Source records
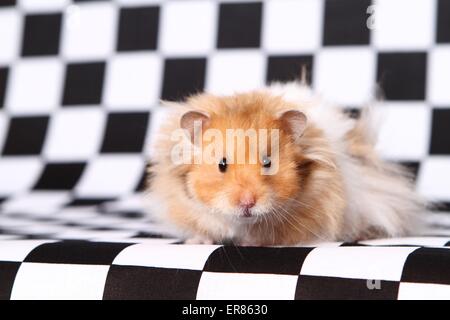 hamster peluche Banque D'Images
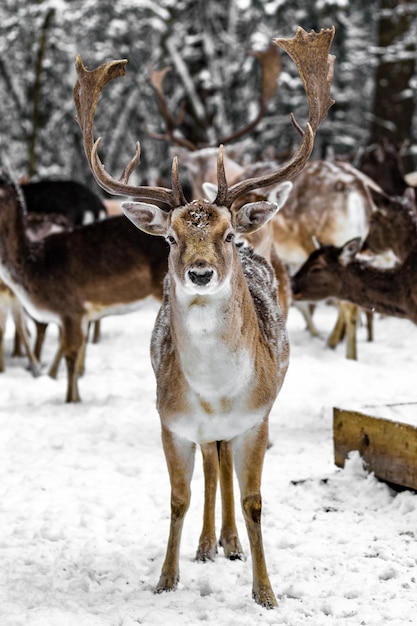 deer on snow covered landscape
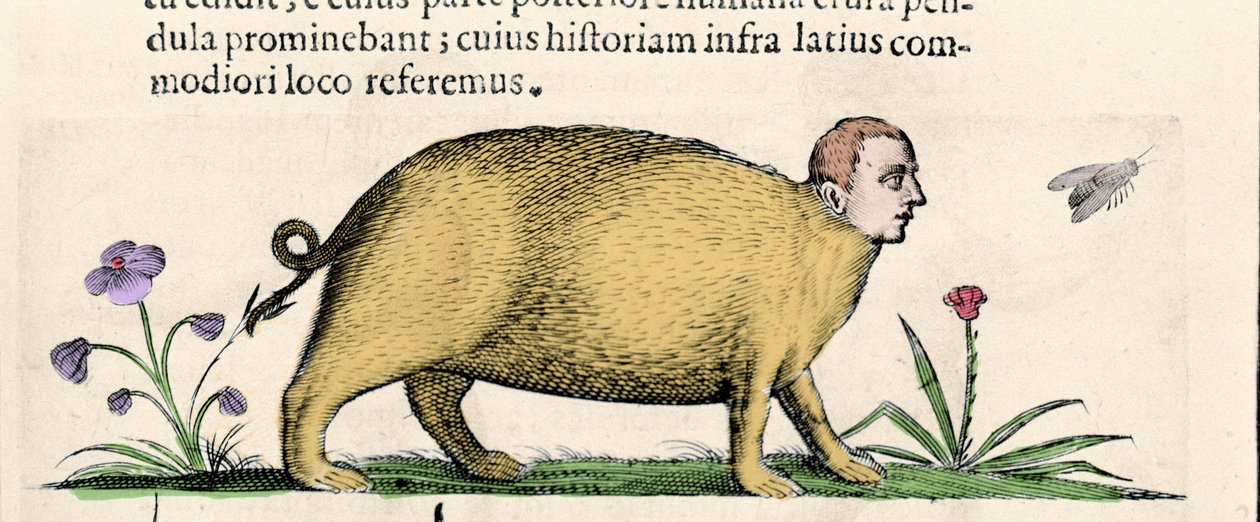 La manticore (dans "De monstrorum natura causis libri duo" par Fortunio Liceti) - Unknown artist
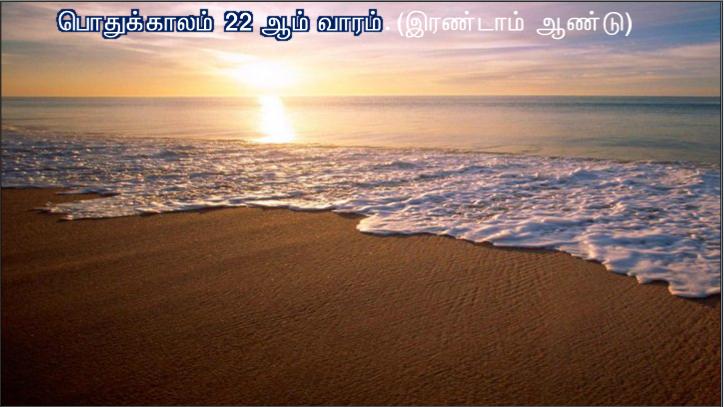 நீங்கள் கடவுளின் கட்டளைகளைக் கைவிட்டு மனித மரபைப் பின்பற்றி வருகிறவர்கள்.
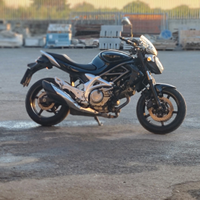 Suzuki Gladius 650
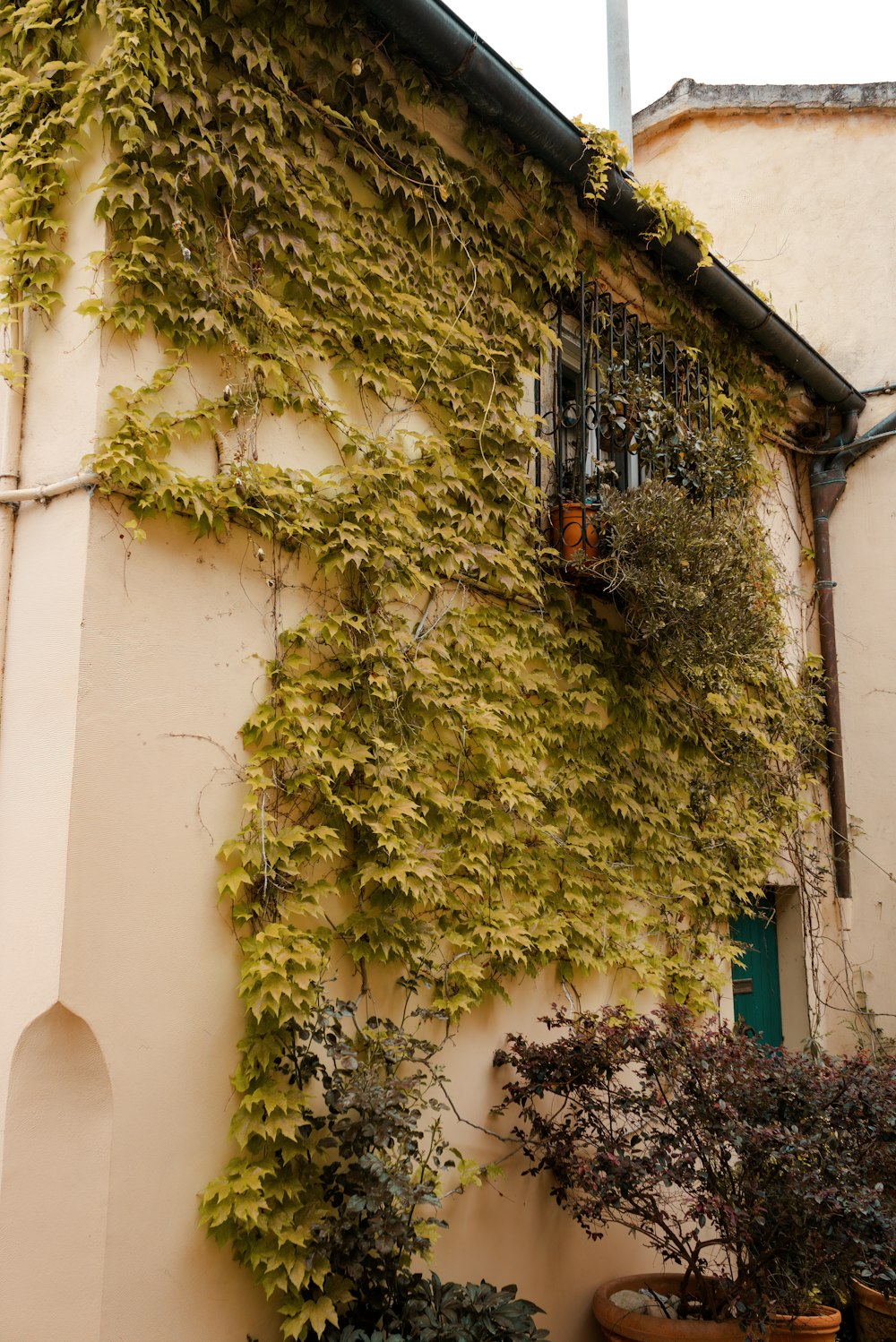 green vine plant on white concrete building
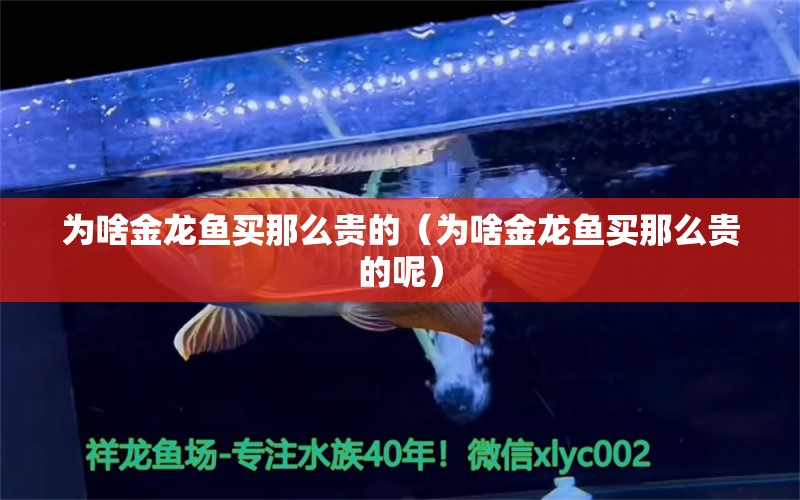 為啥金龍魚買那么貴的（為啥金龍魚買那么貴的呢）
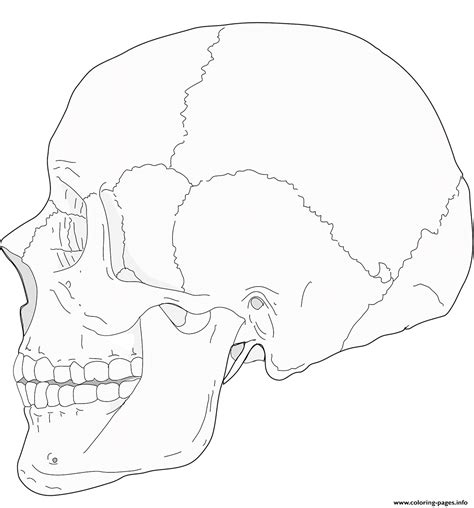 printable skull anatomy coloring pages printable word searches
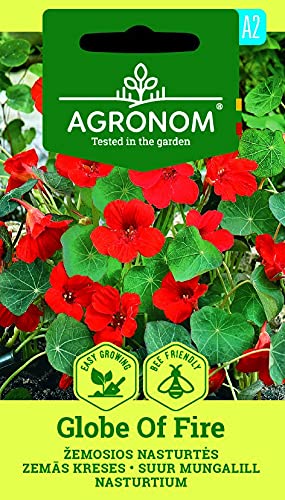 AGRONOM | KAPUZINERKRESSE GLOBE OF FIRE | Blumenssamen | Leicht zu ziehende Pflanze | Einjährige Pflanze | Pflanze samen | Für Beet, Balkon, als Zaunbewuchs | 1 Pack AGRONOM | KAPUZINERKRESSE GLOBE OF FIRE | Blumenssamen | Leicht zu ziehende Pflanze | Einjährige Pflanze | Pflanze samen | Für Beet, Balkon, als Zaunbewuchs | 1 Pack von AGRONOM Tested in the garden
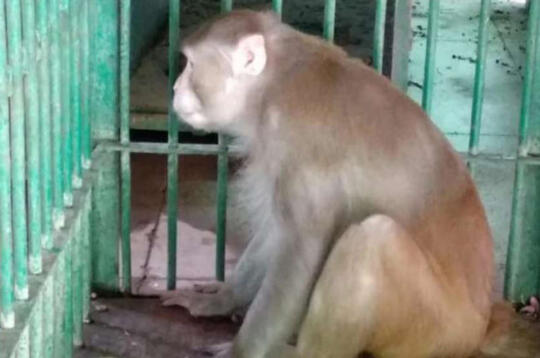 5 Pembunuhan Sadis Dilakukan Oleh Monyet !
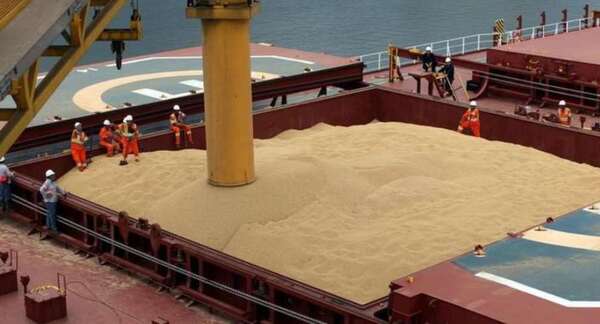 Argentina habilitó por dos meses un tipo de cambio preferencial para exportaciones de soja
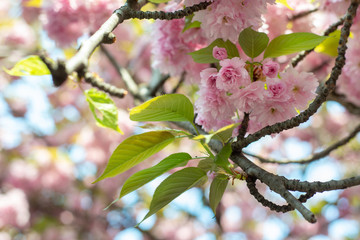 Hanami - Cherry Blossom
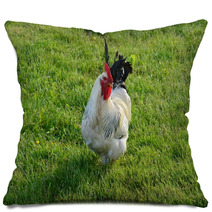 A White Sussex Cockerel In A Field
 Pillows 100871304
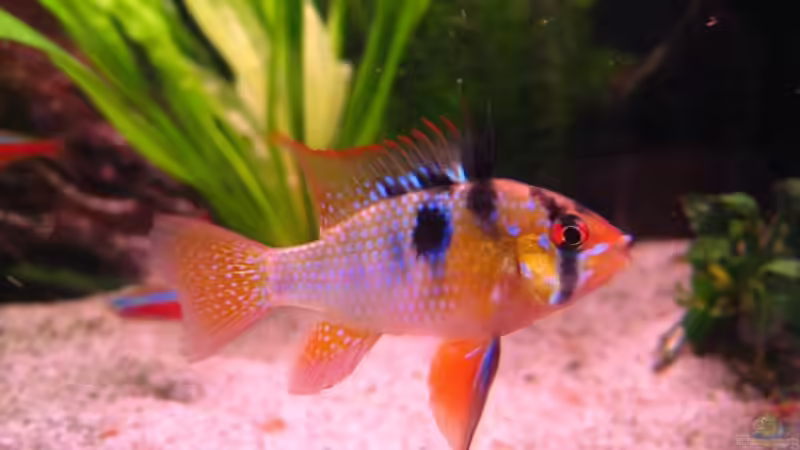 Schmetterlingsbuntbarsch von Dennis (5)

# ASSIGNMENT
Only one stretch of the entries above is needed: the lines from the one containing "為啥金龍魚買那么貴的（為啥金龍魚買那么貴的呢）" through the one containing "printable skull anatomy". Copy it exactly, without the pictures.

# SOLUTION FOR THIS PROBLEM
 為啥金龍魚買那么貴的（為啥金龍魚買那么貴的呢）
 printable skull anatomy coloring pages printable word searches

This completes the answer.